İktidarın Ekonomi Politikaları ve Sonuçları
Mevcut iktidar, uyguladığı ekonomi politikalarıyla toplumun geniş kesimlerinde gelir kaybını derinleştirerek büyük bir ekonomik krize yol açtı. Türkiye Devrimci İşçi Sendikaları Konfederasyonu (DİSK) Genel Başkanı Arzu Çerkezoğlu, “Enflasyonla mücadelede teşhis de tedavi de yanlış” diyerek iktidarın işverenlerden siyasetçilere kadar herkesi hedef alan baskıcı bir politika izlediğini vurguladı. Çerkezoğlu, “Bu düzen devam edemez” ifadesiyle durumu eleştirdi.

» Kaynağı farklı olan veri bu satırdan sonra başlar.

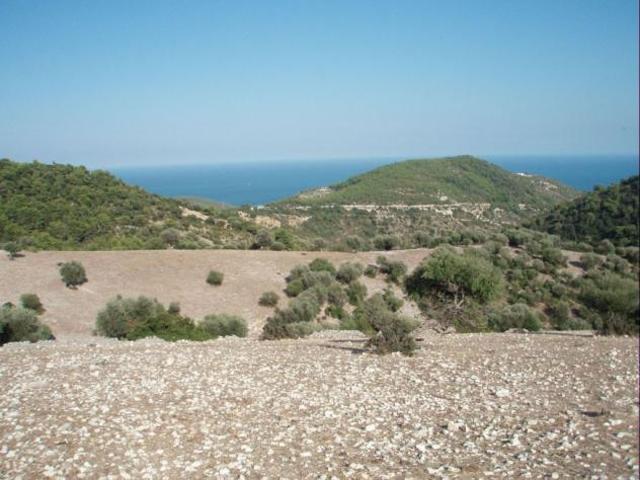 Terreno in vendita a Mattinata, Foggia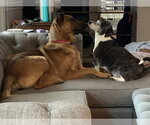 Small #5 German Shepherd Dog Mix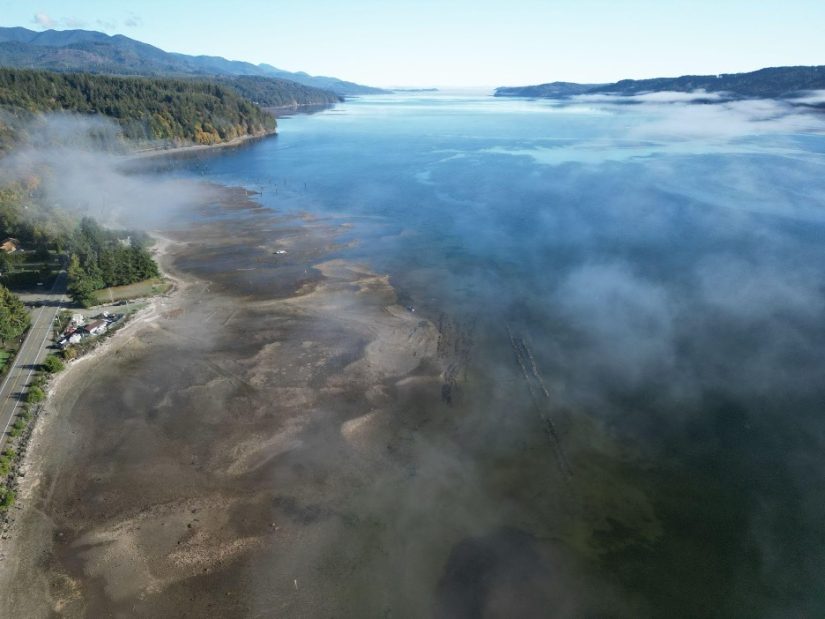 Aerial view of Hood Canal and an oyster farm.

Geçim Derdi ve Ekonomik Adaletsizlik
Çerkezoğlu, “2024’te geçim derdi Türkiye’nin temel meselesi oldu” diyerek vergi sisteminin adaletsizliğine dikkat çekti. “Kaşıkla verilenler kazanla geri alınıyor. Bölüşüm krizi derinleşti. Ücret politikası, vergi politikası ve Kur Korumalı Mevduat uygulamaları, yoksuldan alıp zengine vermek amacıyla oluşturulmuş durumda” şeklinde konuştu. İktidarın, ücretleri baskılayarak enflasyonu düşüreceğine dair iddialarına karşı çıkan Çerkezoğlu, “Bu yaklaşım yanlıştır ve temel iktisat kurallarına aykırıdır. 2024’te asgari ücrete yıl ortasında bir düzenleme yapılmadı. Peki, enflasyon düştü mü? Hayır. Asıl neden, şirketlerin aşırı kârlarıdır” dedi.
İsyan ve Baskı Ortamı
“Herkes isyanda, geçinemiyoruz, müthiş yoksullaştık” diyen Çerkezoğlu, asgari ücretin ilk ayda açlık sınırının altına gerilediğini ve emeklilerin durumunun oldukça vahim olduğunu belirtti. “Bu şartlar, büyük bir isyan biriktiriyor” şeklinde konuştu. 2025’te grev ve eylemlerin artacağını öngören Çerkezoğlu, “Baskı ortamı çok büyük. İktidar, siyasi baskılarla muhalefeti susturmaya çalışıyor” ifadesini kullandı.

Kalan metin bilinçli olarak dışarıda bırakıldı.